**AIM OF THE EXERCISE:**
Below are some records. Print exactly the lines between the one holding "Лого и фирменный" and the one holding "LA GUELFA 64 - Foto 12", inclusive, and nothing else.

**SUPPLIED INFORMATION:**
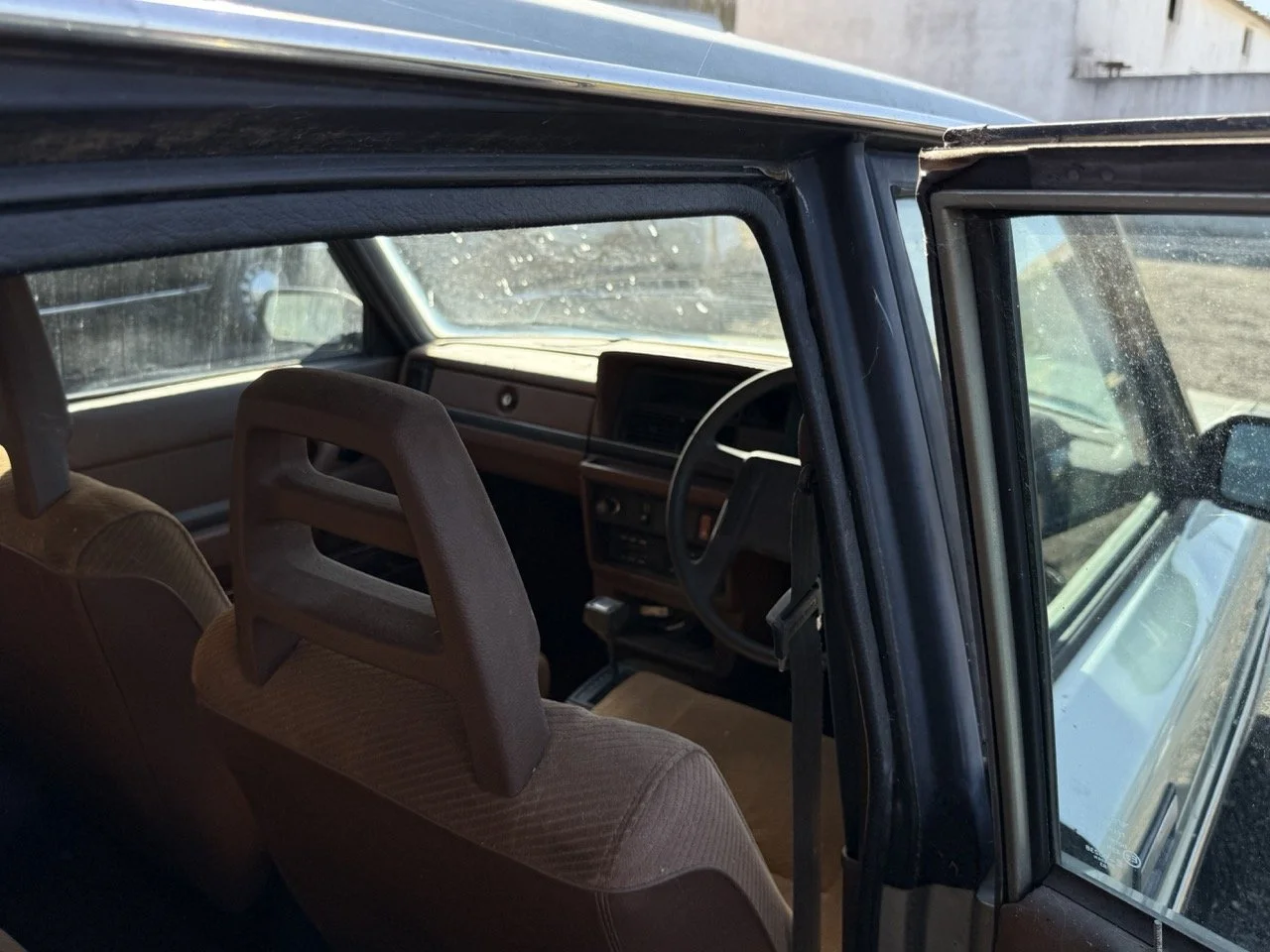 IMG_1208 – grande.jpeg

* * *

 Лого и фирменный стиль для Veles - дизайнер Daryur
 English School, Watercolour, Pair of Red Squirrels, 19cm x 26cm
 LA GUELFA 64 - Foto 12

**RESPONSE TO THE EXERCISE:**
 Лого и фирменный стиль для Veles - дизайнер Daryur
 English School, Watercolour, Pair of Red Squirrels, 19cm x 26cm
 LA GUELFA 64 - Foto 12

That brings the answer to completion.